Inconsistent Formatting
Mixing fonts, sizes, or spacing makes the page look uneven. Select the whole works cited page and set a single font and size, then set double spacing. Reset the hanging indent for every entry in one step through the paragraph dialog box.
Missing Elements
Some entries in a works cited list drop the publication date or the publisher even when that information appears on the source. Compare each entry against the source one more time. Add any missing details in the right place in the template.
Alphabetizing Errors
Entries by the same author should appear together. If you spot a later entry by an author who already appears in the list, move that entry into the correct location. For titles that begin with numbers, alphabetize as if the number were spelled out.
Url Formatting Problems
Long URLs can wrap across multiple lines. Let them wrap naturally instead of inserting line breaks yourself. Do not add angle brackets around URLs, and do not include the protocol label such as “https://” unless your instructor requests it.

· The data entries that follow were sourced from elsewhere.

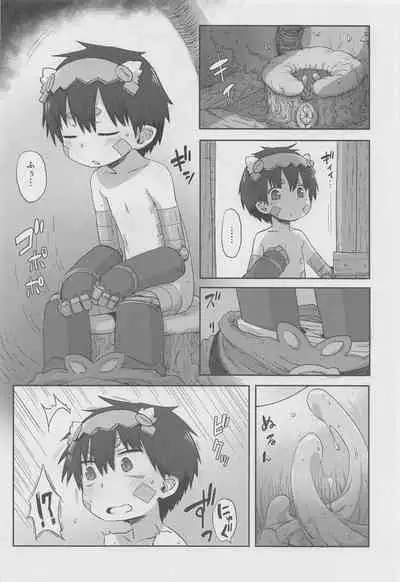 (C101) [Ikasumiya (Uchuu Ika)] Myakuutsu Benki to Vueko no Hon (Made in Abyss)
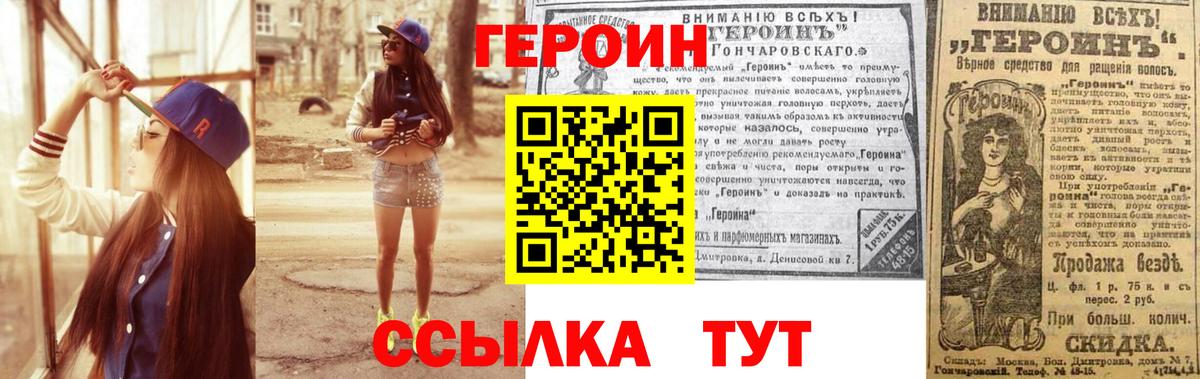 Героин гречка Мариинск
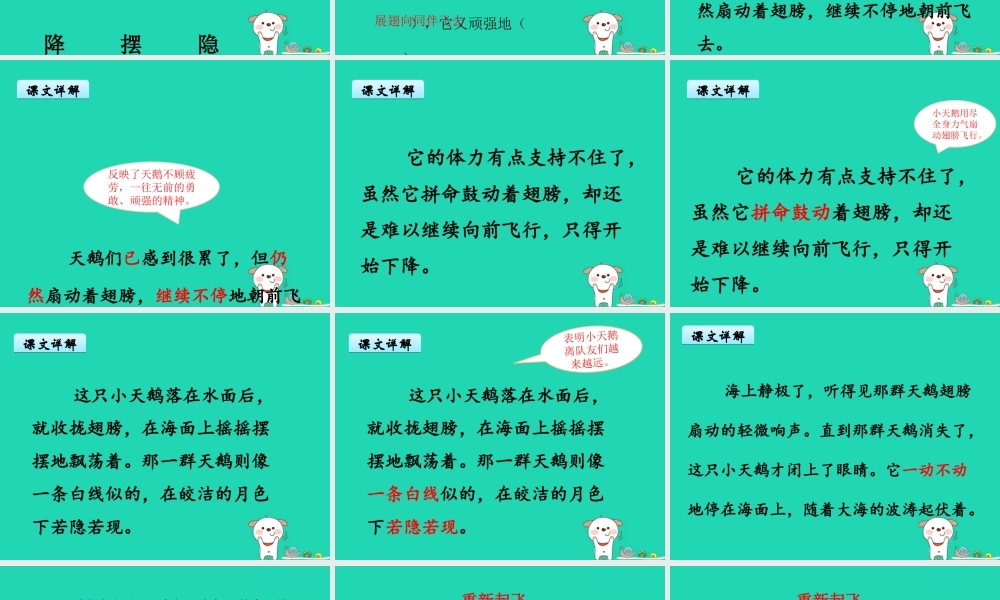 三年级语文上册 第七单元 课件 鄂教版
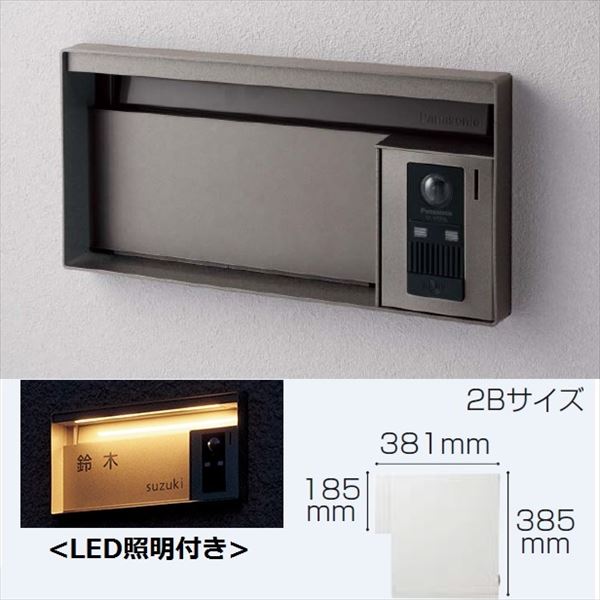 パナソニック ユニサス ブロックタイプ 2Bサイズ CTBR7622SC ワンロック錠 表札ス...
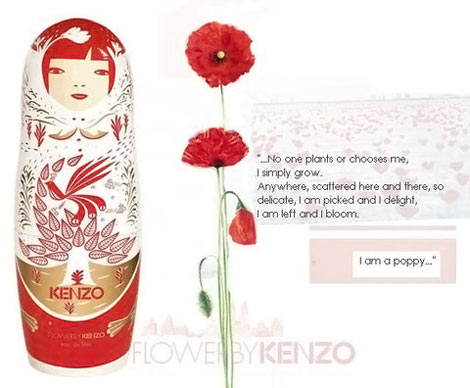 perfume in a new year s special edition hidden inside a matryoshka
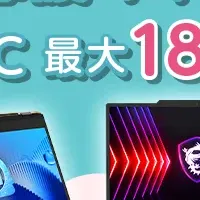 新生活応援キャンペーン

Final Checklist For Your Mla Work Cited Page
At the end of your draft, pause and read across the full works cited page once more. Use this brief checklist during that last pass:
- Every source in the body of the paper appears on the works cited page.
- Every entry on the works cited page appears at least once in the body of the paper.
- The page uses one-inch margins, double spacing, and a readable 12 point font.
- The title Works Cited appears at the top, centered, with no extra styling.
- Entries appear in alphabetical order by author or by title when no author exists.
- Each entry uses a hanging indent set to half an inch.
- Punctuation and capitalization follow MLA patterns for the source type.
Once this checklist matches your page, you can feel confident that you know how to do a mla work cited page that meets current MLA expectations. Along with clear in-text citations, a neat works cited page gives your readers a smooth path back to every source you used.